Googleを使ううえでやっかいだったのは、「真に役に立つ情報を引き出すためのキーはユーザー自身が知っているとは限らない」ということだった。技術ではどうしようもなかった。Facebookはそれをすでに現実にあった人間同士のネットワークをインターネット上に持ってくることでそれを補完した。
もう少し突っ込むと、Googleが提供するWeb体験とは、「ネットサーフィン中は自分が探そうとした情報以外に到達しない」ものだった。そこになかった「偶然」を、FacebookやTwitterなどのSNS系のサービス(Twitterがその特性が顕著だろう)は提供していた。
GoogleはAR眼鏡によって「偶然」を手に入れることができる。僕たちは煮詰まったときには散歩をすることでアイデアを得る。偶然をモノにする。そして、Googleはそこに居合わせるという寸法だ。serendipity(セレンディピティ: 偶然を司る能力)とでも言おうか。Googleが手に入れようとしている能力のことだ。
アートプロジェクトのとき(参考: Googleのアートプロジェクトはすごく筋が通っている - 【旧】新書いとおかし)は抽象的だった危機感がより、具体化されて差し迫ってきている。Googleは僕たちがアイデアに詰まったときに散歩をして手に入れるような「偶然」まで支配するのか。
■ 蛇足: オレはこう考える
- それにしてもこのAR眼鏡、「Siriのもう一端」とも呼べそうな、その音声入力との相性の良さが印象的だ。
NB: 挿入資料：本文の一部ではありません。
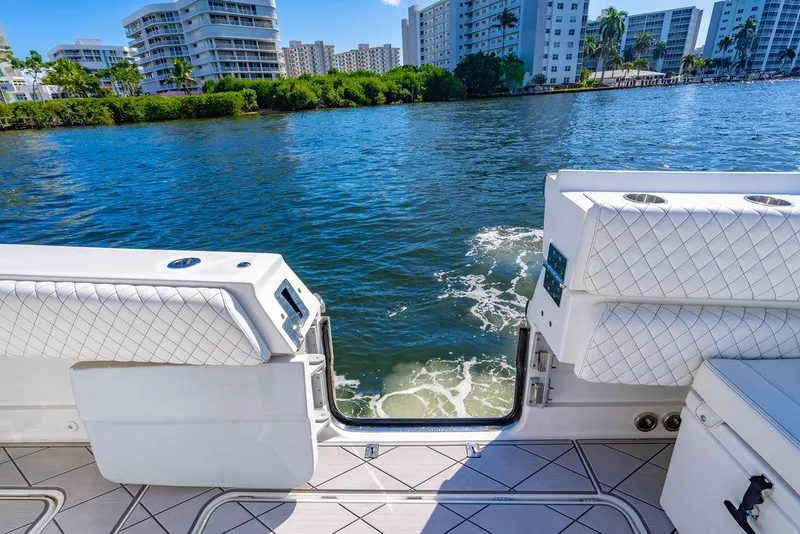 Slide: The Image of 2024 HCB 42 Lujo boat interior with waterfront view, featuring luxurious seating and modern design. - 49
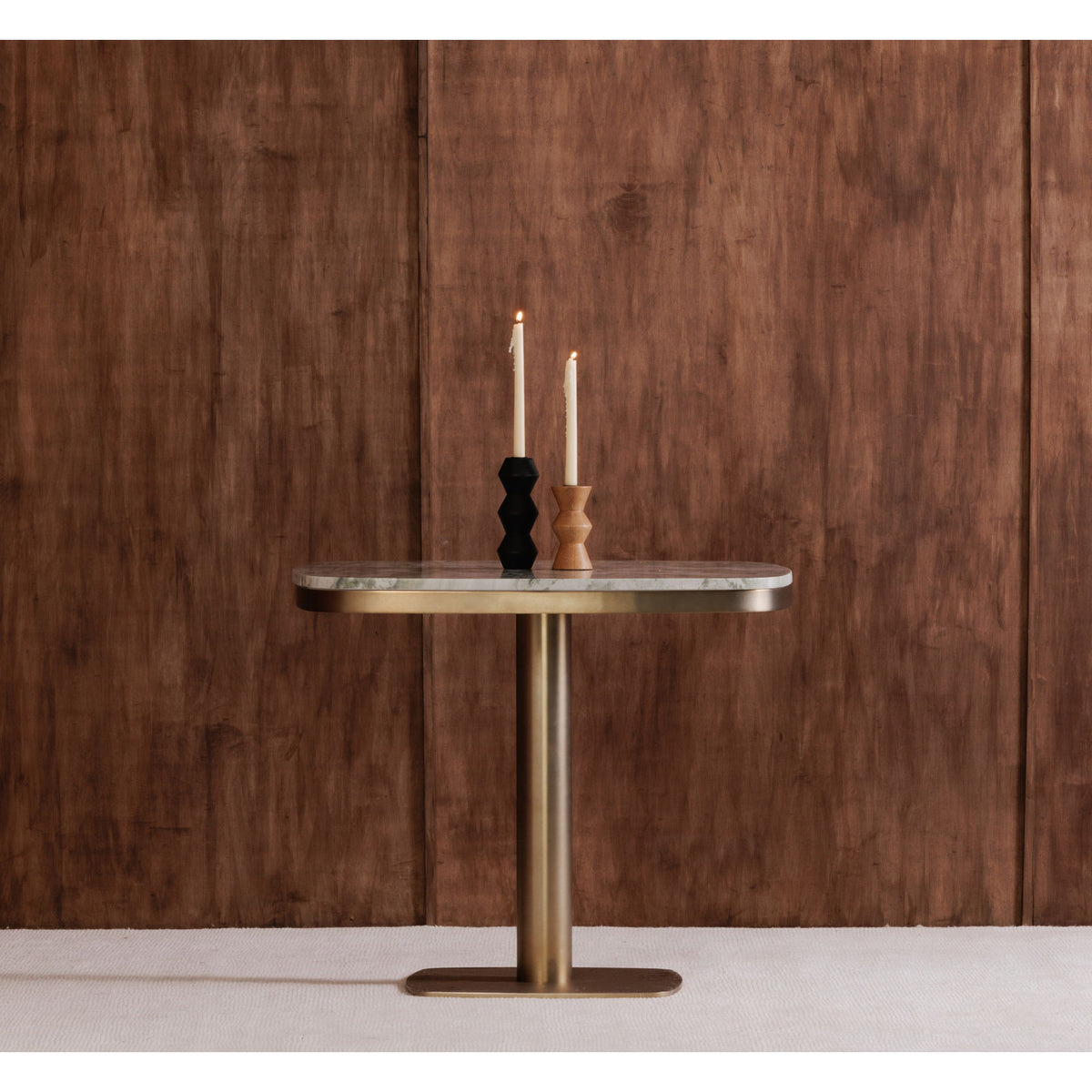 Round cafe table with marble-look top, antique brass stand, and candles on it
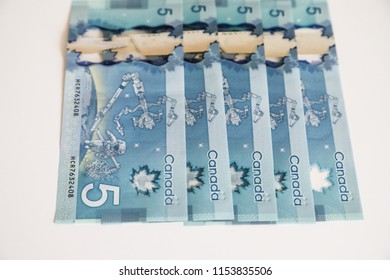 TORONTO CANADA - JULY 30, 2018: Canadian $5 Dollar Banknotes. The Current Five-Canadian Dollar Note, Part Of The Frontier Series, Is Predominantly Blue In Color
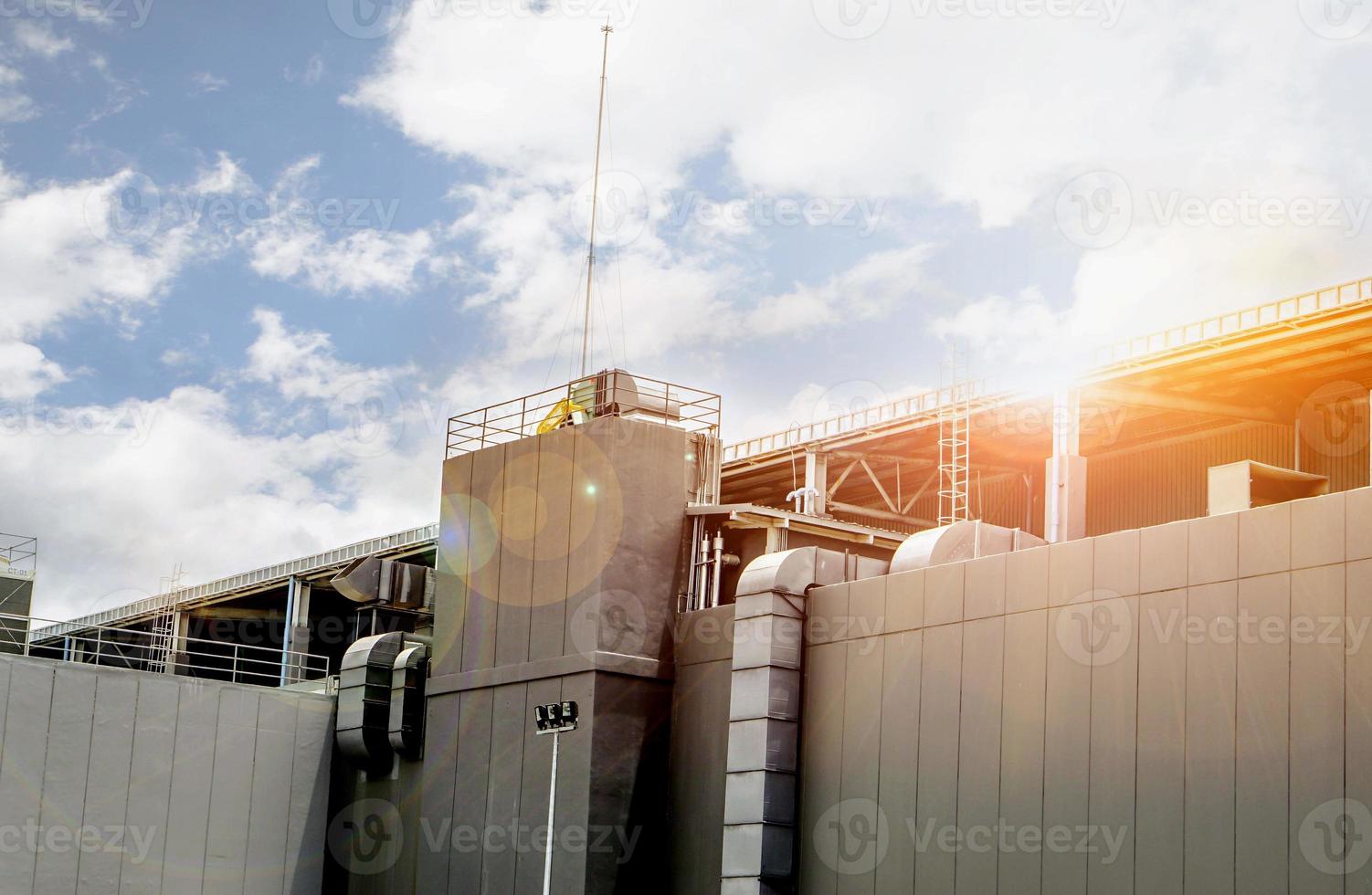 Exhaust and air conditioner ducts for support factory building under the bright of sun and blue sky. photo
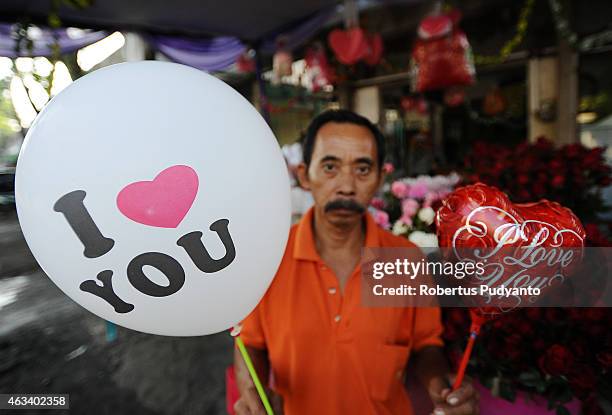 Vendor shows balloons during Valentines Day on February 14, 2015 in Surabaya, Indonesia. Roses, chocolates, teddy bears, toy hearts, candles, and...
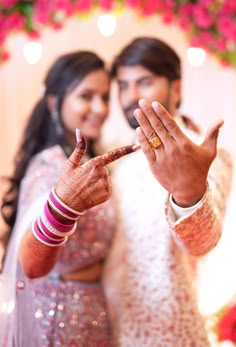 the bride and groom are holding their hands up to show off their wedding rings in front of them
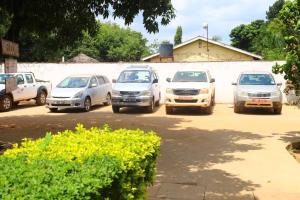 a group of cars parked in a parking lot at WELLSPRINGS HOLDINGS AND HOTELS Ltd in Nalakonge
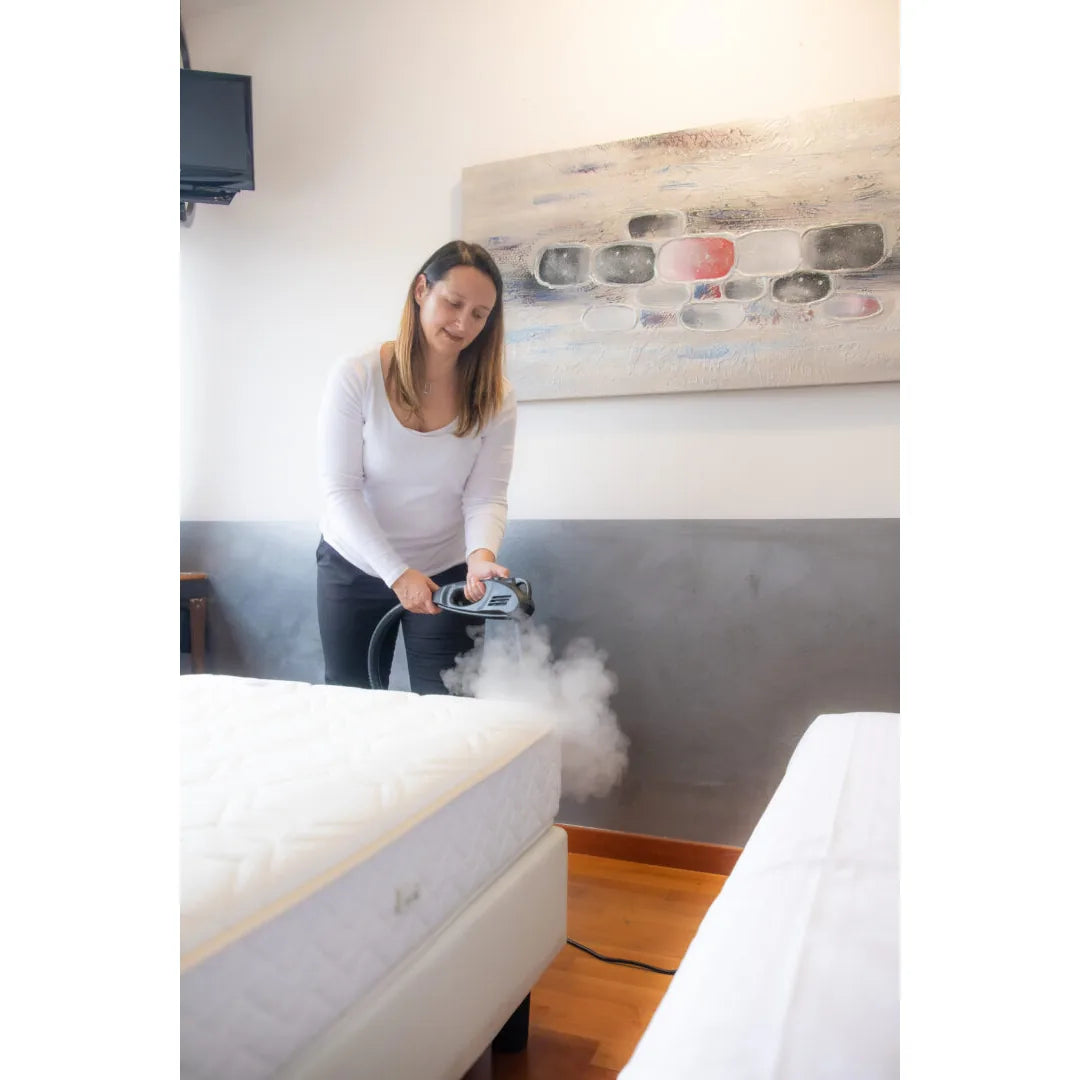 Close-up of the Steam-X nozzle treating a mattress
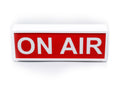 ON AIR light box sign with bold white letters on red panel, in white casing.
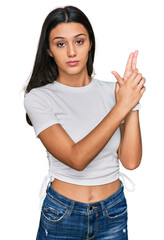 Young hispanic girl wearing casual white t shirt holding symbolic gun with hand gesture, playing killing shooting weapons, angry face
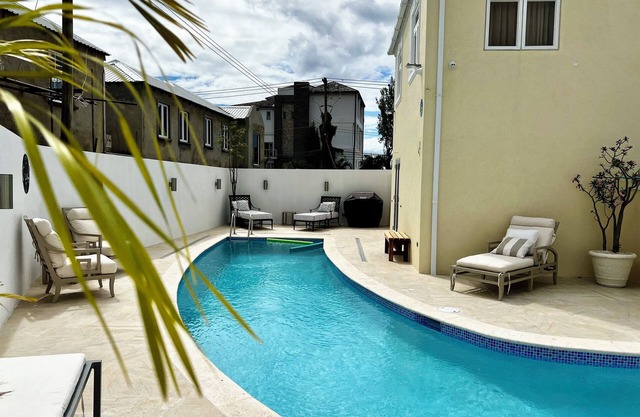 A True Slice of Paradise in Paynes Bay, Newly renovated lower level apartment.
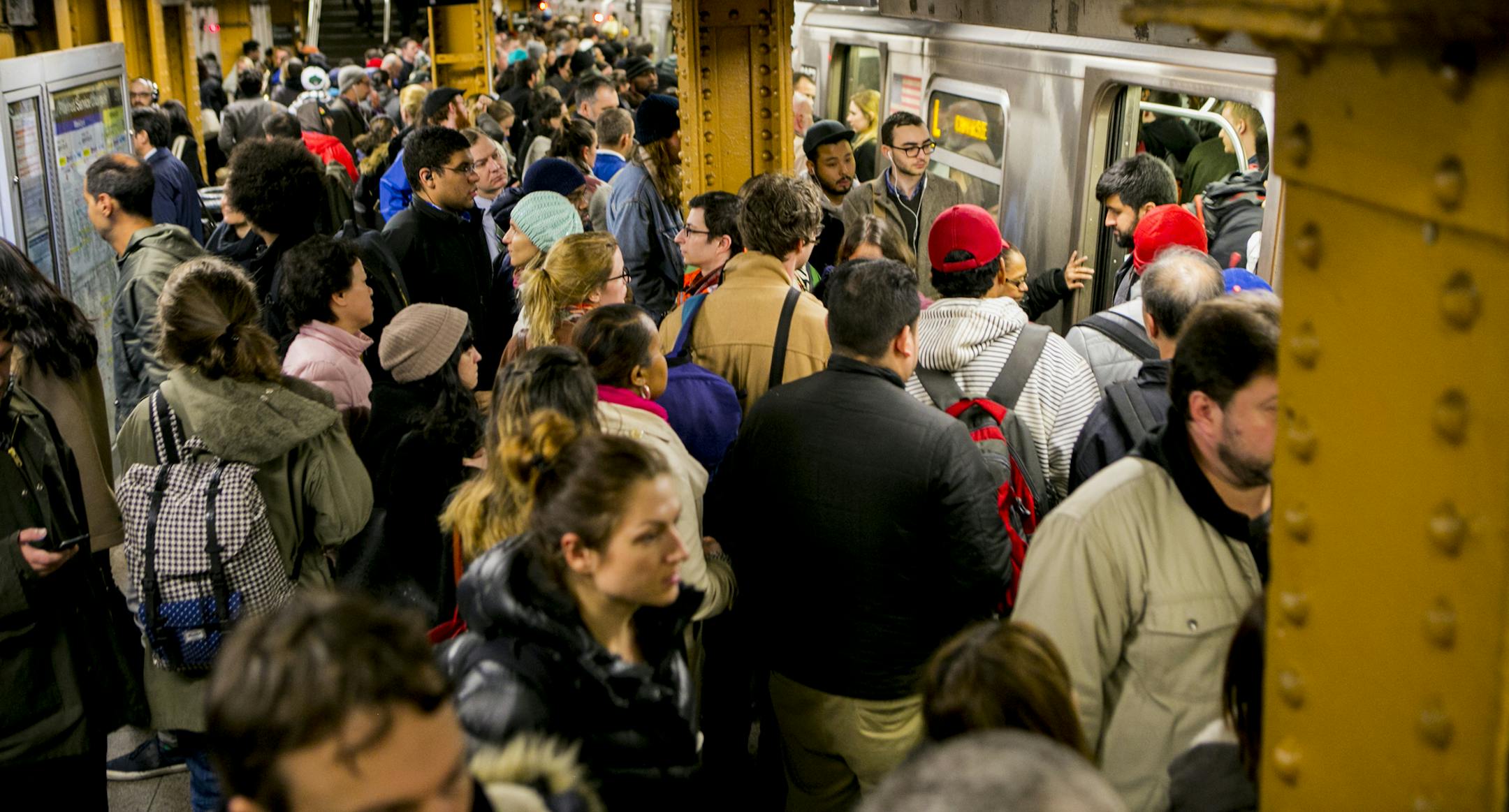 FILE- Passengers navigate a crowded subway platform as they get on and off the L train at Union Square in Manhattan, April 4, 2016. The subway is at nearly six million riders a day in 2017 &#xd1; the highest since the 1940s. Commuters are cramming onto a system that has been essentially the same size for decades. (Sam Hodgson/The New York Times)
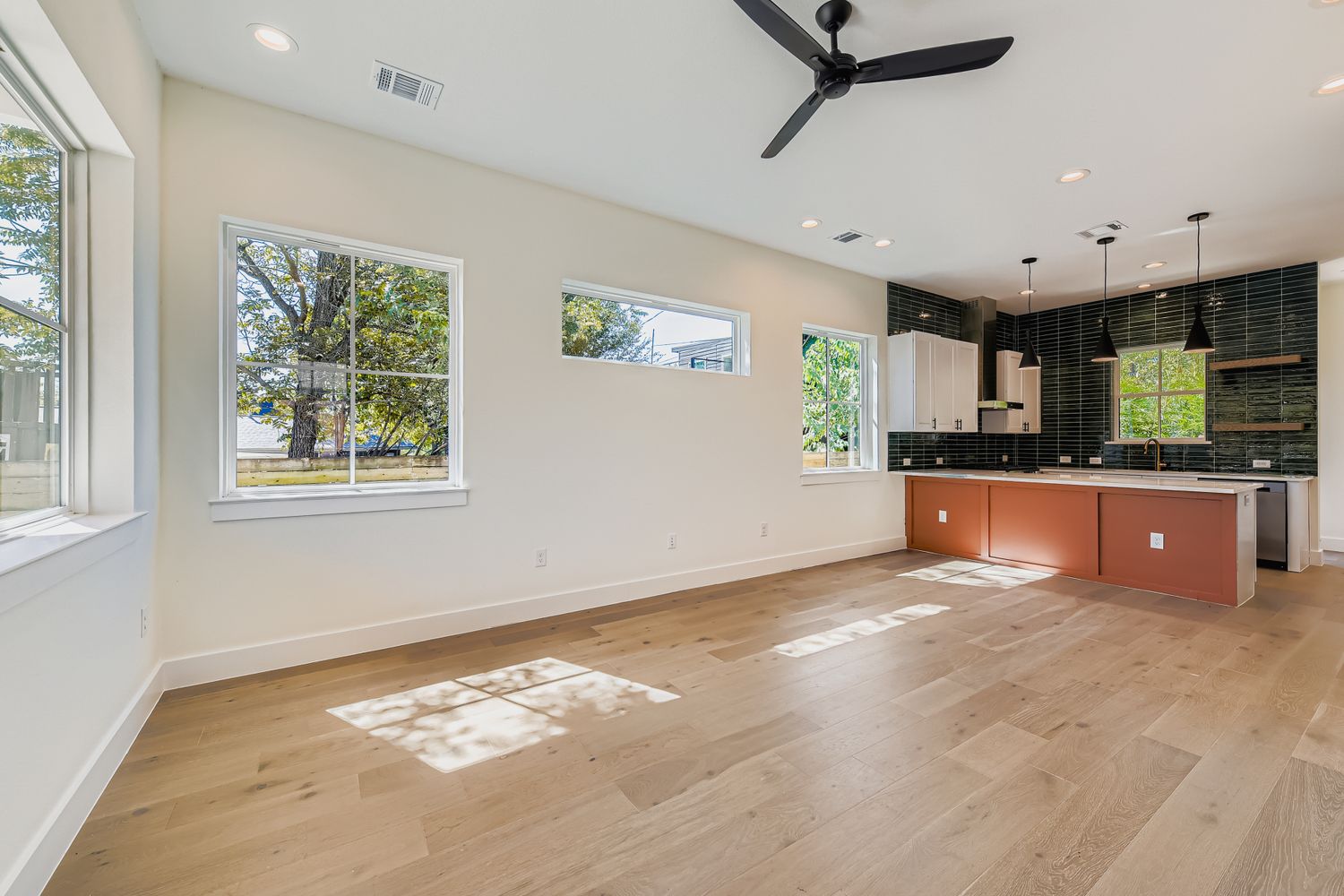 4712 South Forest Drive Austin, TX 78745 - Photo 10 of 27 a view of a kitchen with a sink hardwood floor and a window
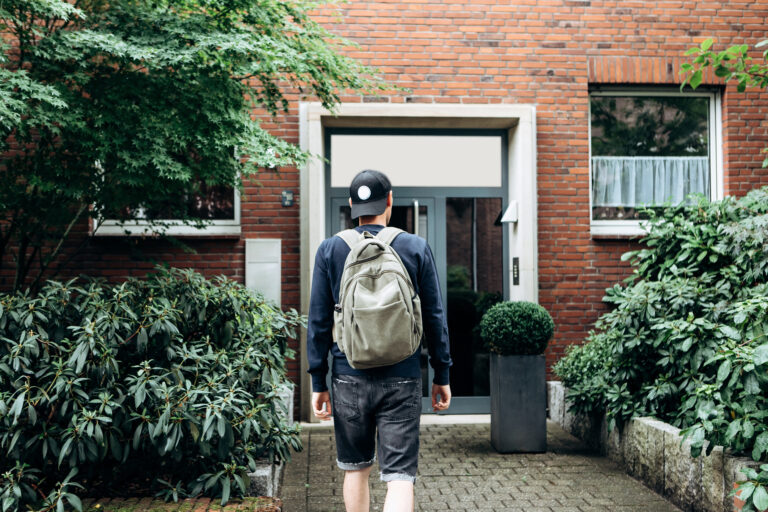 Student walking towards a residential property with a backpack, reflecting student rental demand and landlord opportunities in Bath’s university rental market.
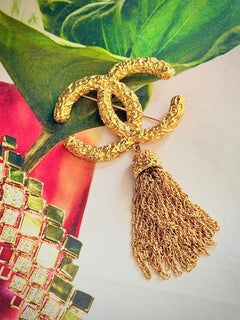 Chanel Vintage 1993 Iconic Gold Lava Logo Coco CC Tassel Fringe Chunky Brooch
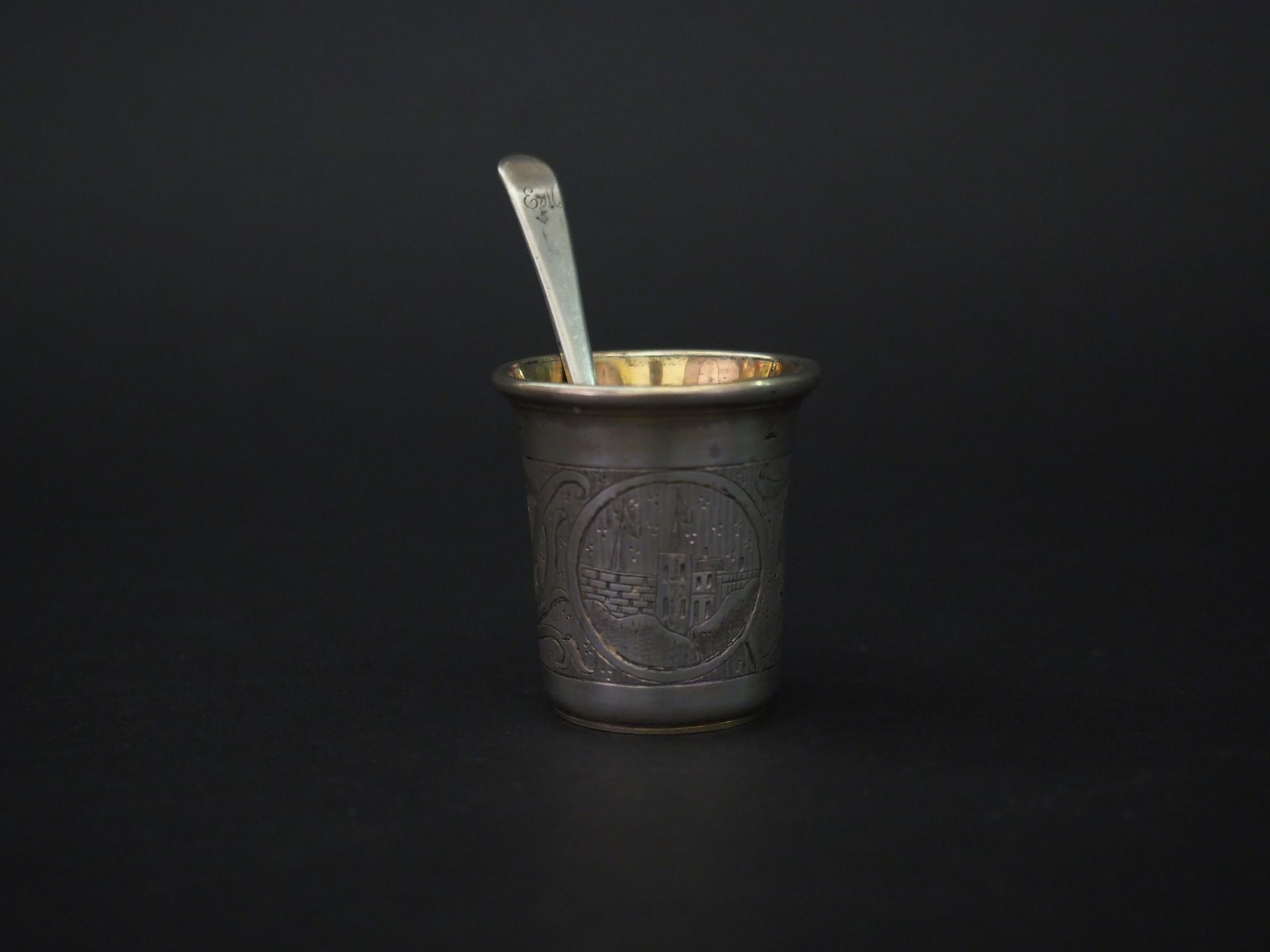 Null 一个小型的俄罗斯银质高脚杯，装饰着卷轴和风景的储备。

日期为1860年。

有图案的。

H.5厘米

一个小的俄罗斯银和vermeil勺子。

有&hellip;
- この眼鏡によってGoogleはFacebookという亡霊(というよりもGoogleの株主の意向?)に狂わされて創造したGoogle+というサービスの借金を返済できる。最も、動画からも分かる通りGoogle+はただの友達との共有の場としての1機能に過ぎなくなるわけだが。まあ、数多くのサービスを統一されたプラットフォームから提供する利点はAppleとGoogle自身がスマートフォンの戦場で教えてくれた教訓だ(実はTwitterもそうだ)。